Unread post by BuddyBoi21 »

Hey so this may be kind of long.

I need validation that this sort of intuition of a hypothetical situation is both reasonable and believable.

I had a project recently where I told my coming out story. There were a lot of traumatic things that happened particularly with my father but during the process I joked about it a lot and finished it yesterday.

I was proud of myself and felt like "Huh, that didn't go as badly as I thought it would."

I was quickly wrong. So as usual I went to bed really late (2am) but I woke up at 5am after a nightmare involving my father.

I basically had a dream where he was about to physically assualt me. When I woke up I came to the conclusion that if he hadn't gotten sick throughout my late childhood/teen years and was around for when I became "more visibly" queer and "defiant" that he would've beat me.

When I brought this up to my mom and my sister it was excruciatingly invalidating especially when they only know a fraction of the things my father said to me growing up.
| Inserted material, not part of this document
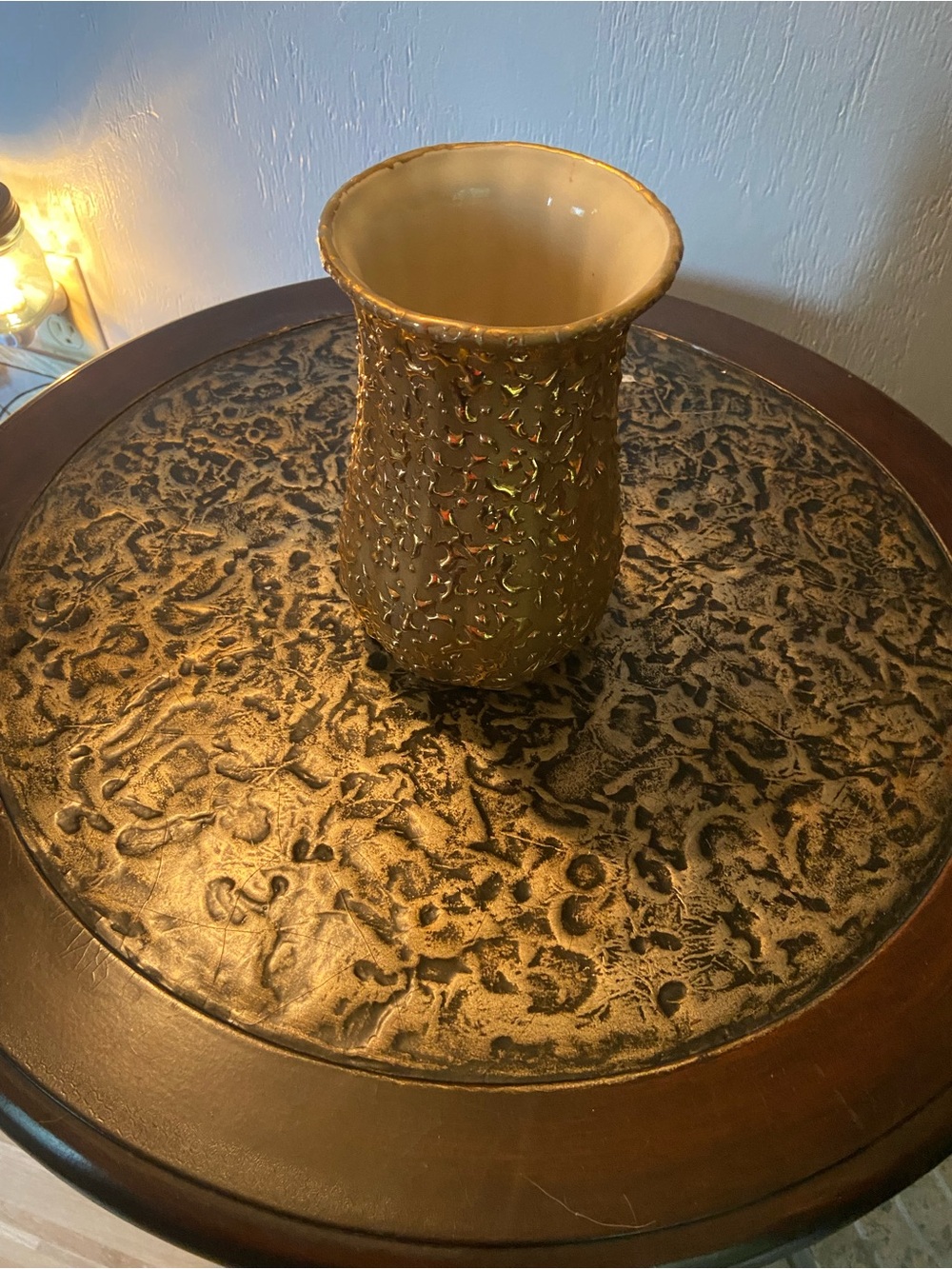 Gold Textured Ceramic Vase - Decorative Home Accent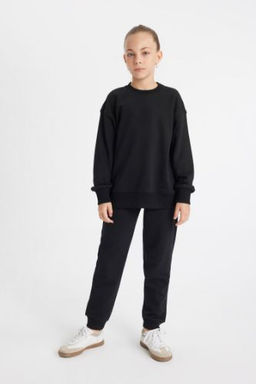 K?z Cocuk Siyah Standart Fit Beli Pacas? Lastikli Okul Jogger Esofman Alt?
He's made islamophobic comments while comparing being gay to murder
Has made comments about how it's as bad as incest or pedophilia and sexual assualt. He used an example basically asking how would I feel of he sexually assaulted me in my sleep.
Lastly, he outright told me that I was lucky he didn't "take me out back" to beat me for being queer.
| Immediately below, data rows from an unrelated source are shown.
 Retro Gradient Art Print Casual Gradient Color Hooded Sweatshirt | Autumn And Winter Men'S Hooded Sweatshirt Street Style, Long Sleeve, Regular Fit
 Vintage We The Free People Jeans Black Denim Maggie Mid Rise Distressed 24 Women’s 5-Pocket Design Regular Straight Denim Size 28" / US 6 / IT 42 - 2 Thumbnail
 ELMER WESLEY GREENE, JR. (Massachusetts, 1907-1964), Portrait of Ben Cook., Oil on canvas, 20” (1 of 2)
The thing that trigger this is when my parents found out about my first girlfriend, my father yelled at me so much and beat a washer with his bare fist and looked at me saying something along the lines of "this is how angry this makes me".

He downplayed it asking why I didn't "get over it because it happened 3 years ago" (I was 17 at the time).

I absolutely got a shocking reminder as to why I hate my father so much. And for my mother who said even SHE would hit me if I even said something disrespectful to her, the "better" of my two parents, doesn't believe me when I say the outright emotionally abusive parent probably would've assaulted me if he hadn't been so sick.

Update: I talked it over with my sister and she understands what I meant and does agree about my hypothesis.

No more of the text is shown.